The accumulated sensor inputs are analyzed using data fusion software being developed by one of S&T’s partners for FAST, Draper Laboratory, a non-profit research and development laboratory. This software has been developed over the past year and remains relatively basic but the work itself is “high end,” Burns says. It is fusing data from three signals and providing outputs to advise for secondary or pass-through, he says.
Another bit of progress has been that so far the theory of Malintent is “supportable,” Burns says. The theory is the foundation of the FAST program and basically suggests that there are various cues that can be given off by a person, such as cardiovascular, respiratory, eye movements and others, which may be nearly invisible to the naked eye but can indicate if someone may be considering threatening action.

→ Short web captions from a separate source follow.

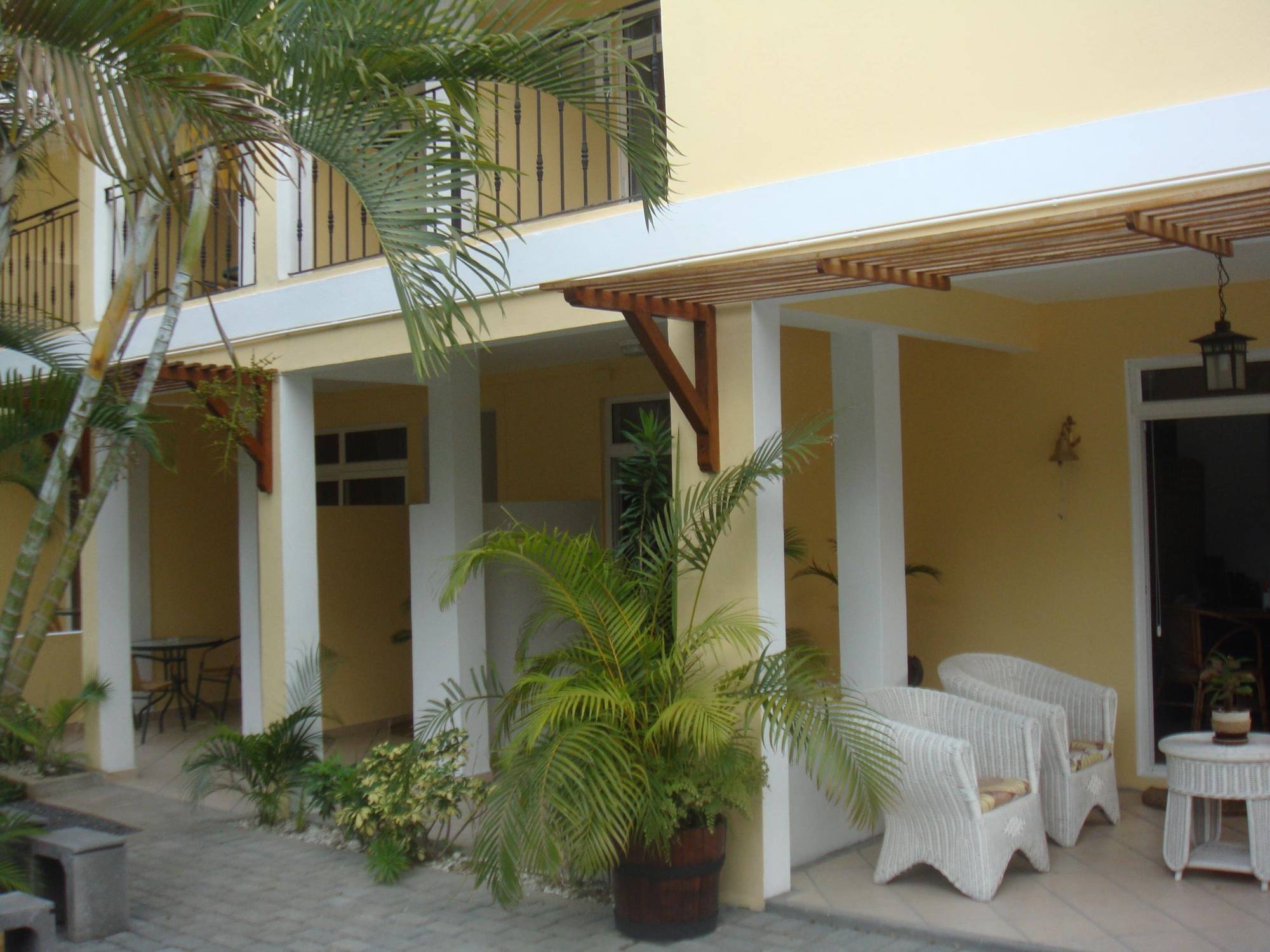 La Perla Holiday Apartments Pereybere Beach Екстериор снимка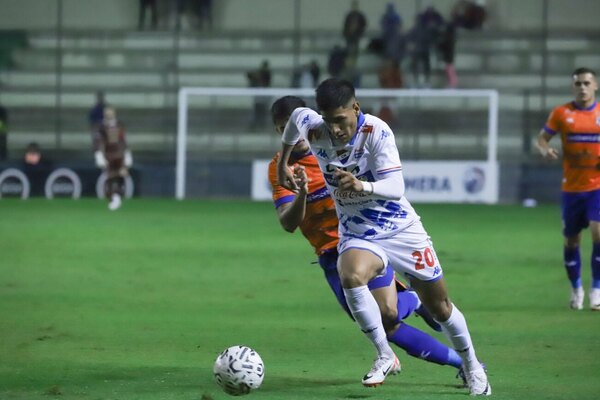 Versus / Tricolores y pedrojuaninos van por el boleto a los Cuartos de Final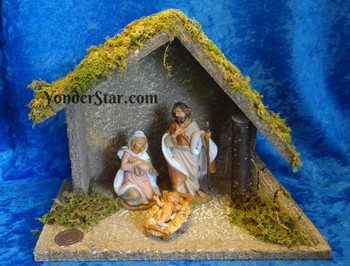 Small Fontanini nativity set Small Fontanini nativity set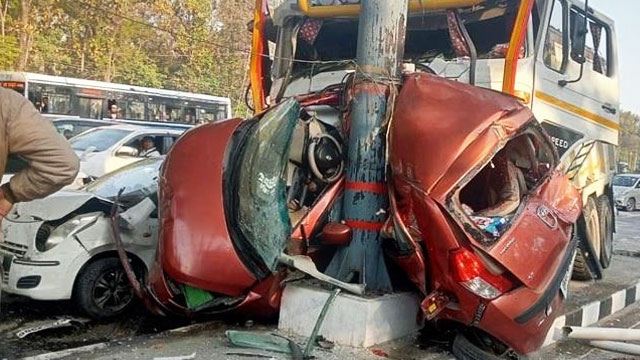 डोईवाला टोल प्लाजा पर कार और ट्रक की जबरदस्त टक्कर,दो की मौत डोईवाला टोल प्लाजा पर कार और ट्रक की जबरदस्त टक्कर,दो की मौत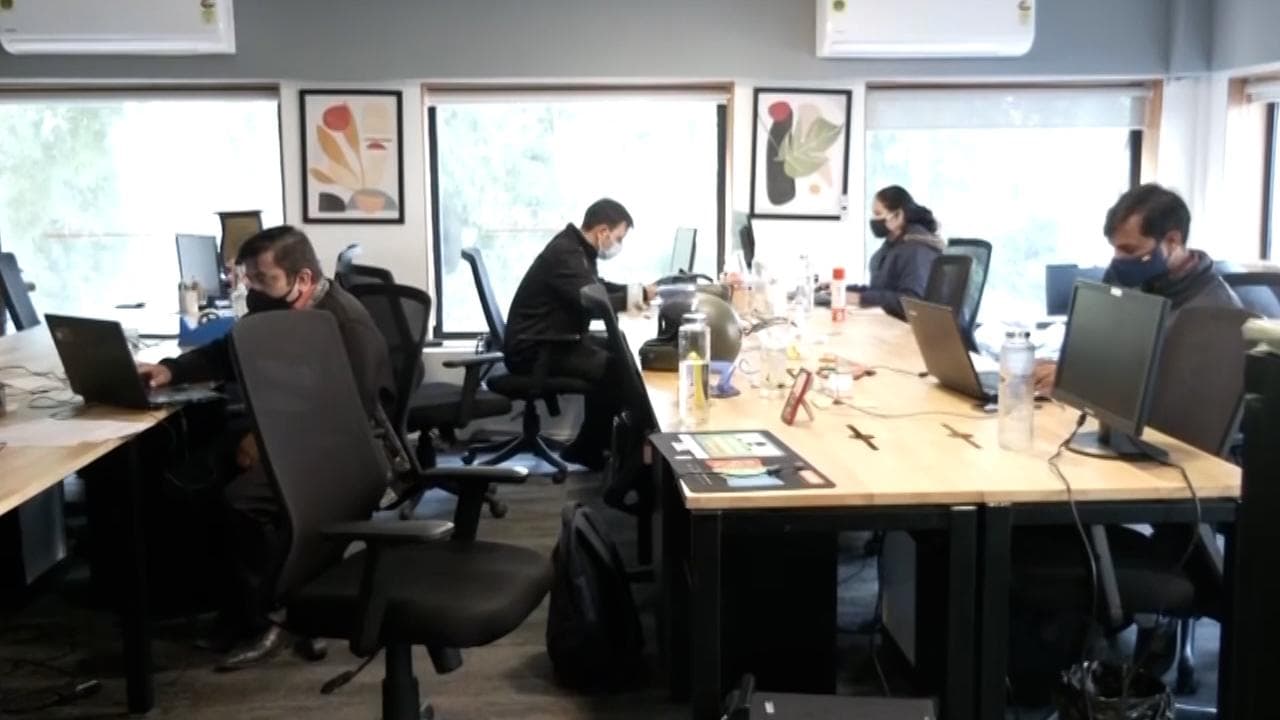 Unemployment woes: did you know there are over 8 lakh Central govt posts lying vacant? 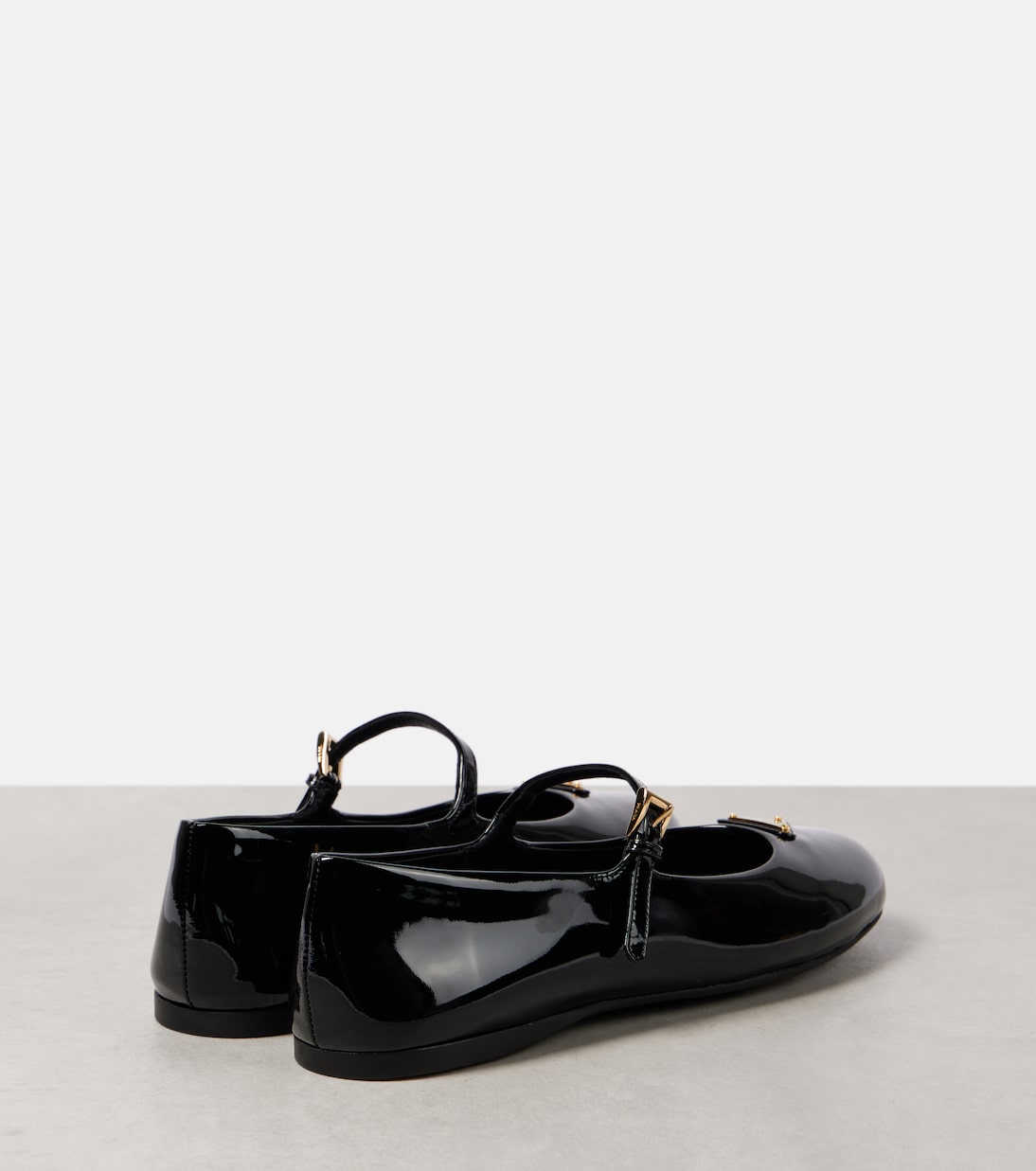 Zapatos planos Mary Jane de charol | Prada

In addition to assisting screening officers in being able to more accurately identify who should be sent to secondary screening, another purpose of the project is to not take people aside who aren’t planning something bad so that throughput isn’t hindered, and instead may even be accelerated, Burns says.
Support for Theory
Last spring the FAST program was reviewed by a panel of experts throughout the country representing various disciplines such as deception detection, cognitive thought, human behavior, legal and operational DHS components. Burns says the overall they believed the theory of Malintent was being supported but they still made suggestions to improve the protocol. He says the program has worked to better create an environment where the human subjects “believe they are actually trying to smuggle [something] in” past the security guard. “Even though this is a laboratory-based experiment, the laboratory has been reconstructed to represent an operational scenario,” Burns says. “So when people come in, they don’t realize they’re going into a lab, they think they are still going into a technology fair.”
This week in Cambridge, Mass., the FAST program will be holding a demonstration for media. After that, it will be back to business.
Burns says that over the next two years more work needs to be done on how acquiring the signals from the sensors, improving the data fusion algorithm, which he says will still be based on an “interactive process” that involves someone like a security guard asking questions, and to make the experiments “more operationally based.” If the program is successful on those accounts then another phase would involve adjusting the environment to help us bring malintent out to the surface,” he says.
In addition to Draper Labs, some of other contractors assisting on FAST include Battelle, which is doing systems engineering, the Army Night Vision Directorate, which is doing work with the thermal imagers, Kai Sensors, which is providing the millimeter wave technology for cardiac and respiratory monitoring, and Veridical Research and Design Corp., which is doing the eye-related work.